L’un des principaux facteurs derrière l’abondance de pétrole ayant alors disparu, le marché pouvait se mettre en quête d’un nouvel équilibre. Ceci s’est à son tour traduit par une correction des prévisions en termes d’inflation : les prix du pétrole s’étant stabilisés, la crainte d’une déflation s’est peu à peu dissipée. À juste titre, comme en témoignent les chiffres. L’inflation belge, qui n’atteignait encore que -0,65% en janvier, est remontée à 0,56% en mai. Enfin, la croissance européenne a semblé elle aussi se reprendre. Tandis que l’on prévoyait une croissance limitée à 1% en début d’année, les analystes tablent désormais – après un bon premier trimestre – sur une croissance comprise entre 1,4 et 1,5%. C’était à son tour suffisant pour faire également baisser l’inflation de base (c’est-à-dire l’inflation sans tenir compte des prix volatiles de l’alimentation et de l’énergie), ce qui a encore réduit la crainte de déflation.
Les investisseurs se mettaient donc à payer pour pouvoir exercer le privilège de confier leur argent au pays le plus solvable du monde ! Le taux allemand à 10 ans a atteint un plancher de 0,05% le 20 avril. C’est là que l’élastique a cassé : les marchés ont pris conscience qu’un niveau des taux aussi bas ne pouvait se justifier que dans un scénario de poursuite de la récession caractérisé par une déflation persistante en Europe, scénario qui pouvait être jeté à la corbeille compte tenu des développements réels. Est alors subitement apparue une véritable vague de ventes qui a fait plonger le prix des obligations en un rien de temps. En quelques jours à peine, le taux allemand à 10 ans est remonté à 0,7% et 400 milliards EUR en termes de valeur obligataire sont partis en fumée à travers le monde.

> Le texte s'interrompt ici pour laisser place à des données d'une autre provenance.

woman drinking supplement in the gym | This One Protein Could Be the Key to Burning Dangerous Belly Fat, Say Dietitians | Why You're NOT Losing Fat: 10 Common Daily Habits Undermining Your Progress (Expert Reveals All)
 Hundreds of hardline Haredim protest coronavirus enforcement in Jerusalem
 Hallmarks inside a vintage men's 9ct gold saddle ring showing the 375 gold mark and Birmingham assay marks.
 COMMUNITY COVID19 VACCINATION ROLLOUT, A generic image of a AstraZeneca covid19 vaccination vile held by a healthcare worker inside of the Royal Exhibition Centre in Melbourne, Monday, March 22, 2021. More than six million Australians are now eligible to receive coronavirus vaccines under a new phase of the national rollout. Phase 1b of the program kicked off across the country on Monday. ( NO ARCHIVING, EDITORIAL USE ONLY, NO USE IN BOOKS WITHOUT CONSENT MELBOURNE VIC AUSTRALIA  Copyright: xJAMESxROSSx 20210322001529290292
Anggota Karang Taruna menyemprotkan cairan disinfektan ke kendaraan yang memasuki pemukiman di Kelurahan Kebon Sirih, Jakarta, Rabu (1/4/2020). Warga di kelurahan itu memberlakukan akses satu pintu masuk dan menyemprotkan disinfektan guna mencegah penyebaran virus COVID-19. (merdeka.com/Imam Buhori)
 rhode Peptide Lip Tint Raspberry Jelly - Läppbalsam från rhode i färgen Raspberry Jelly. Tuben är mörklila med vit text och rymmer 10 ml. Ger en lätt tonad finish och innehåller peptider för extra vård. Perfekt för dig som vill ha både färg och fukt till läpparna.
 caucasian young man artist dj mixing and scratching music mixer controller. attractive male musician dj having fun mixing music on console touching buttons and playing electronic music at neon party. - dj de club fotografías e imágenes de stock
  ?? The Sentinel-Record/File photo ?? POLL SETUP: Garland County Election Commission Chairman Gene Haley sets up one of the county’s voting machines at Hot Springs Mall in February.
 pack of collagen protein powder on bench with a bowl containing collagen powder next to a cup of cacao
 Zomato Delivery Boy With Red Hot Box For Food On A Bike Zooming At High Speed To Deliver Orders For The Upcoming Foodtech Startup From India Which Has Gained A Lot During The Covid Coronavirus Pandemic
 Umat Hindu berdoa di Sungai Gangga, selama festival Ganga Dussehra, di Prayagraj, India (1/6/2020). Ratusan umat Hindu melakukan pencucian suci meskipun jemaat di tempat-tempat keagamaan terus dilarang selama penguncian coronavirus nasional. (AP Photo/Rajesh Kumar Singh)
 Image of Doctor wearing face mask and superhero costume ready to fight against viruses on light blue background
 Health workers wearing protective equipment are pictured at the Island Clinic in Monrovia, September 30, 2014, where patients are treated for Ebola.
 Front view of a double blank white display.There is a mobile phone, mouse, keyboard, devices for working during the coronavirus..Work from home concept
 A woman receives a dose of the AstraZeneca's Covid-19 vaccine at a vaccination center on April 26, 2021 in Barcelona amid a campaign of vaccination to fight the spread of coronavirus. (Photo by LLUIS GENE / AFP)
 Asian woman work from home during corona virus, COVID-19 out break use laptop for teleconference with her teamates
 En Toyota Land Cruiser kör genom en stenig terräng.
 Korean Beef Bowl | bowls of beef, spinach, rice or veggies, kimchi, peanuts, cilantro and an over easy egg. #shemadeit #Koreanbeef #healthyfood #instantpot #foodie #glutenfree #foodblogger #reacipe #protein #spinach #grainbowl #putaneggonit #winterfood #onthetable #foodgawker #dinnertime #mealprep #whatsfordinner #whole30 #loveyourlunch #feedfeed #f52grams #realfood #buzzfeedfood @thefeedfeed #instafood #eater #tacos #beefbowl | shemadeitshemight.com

Cela pose-t-il un problème au siège de la BCE à Francfort ? La réponse à cette question est double. La remontée des taux ne pose pas problème si le mouvement ascendant des taux constitue une adaptation logique à l’amélioration des chiffres fondamentaux. Ce serait même plutôt sain à long terme. Mais un autre aspect de cette remontée des taux n’aura pas manqué de susciter des craintes à Francfort. Le caractère particulièrement abrupte du mouvement des taux témoigne en effet de ce que la liquidité du marché laisse fortement à désirer et confirme ce que de nombreux observateurs du marché supposaient depuis longtemps : dans l’empressement à rendre le système bancaire plus sûr, les exigences en termes de fonds propres nécessaires pour garder un « trading book » ont été renforcées à ce point qu’il est devenu impossible aux banques de racheter les obligations vendues en masse par les investisseurs. …
Le marché obligataire pourrait devenir très volatile par à-coups à l’avenir et le risque de variation des prix pourrait être transféré des banques vers leurs clients. Dès lors, ces derniers exigeraient une prime de risque plus élevée, ce qui rendra le financement par le marché obligataire plus onéreux. L’investisseur doit se rendre compte que le marché obligataire ne ressemblera plus aux eaux calmes dans lesquelles il pouvait naviguer autrefois. Vous voilà donc prévenu !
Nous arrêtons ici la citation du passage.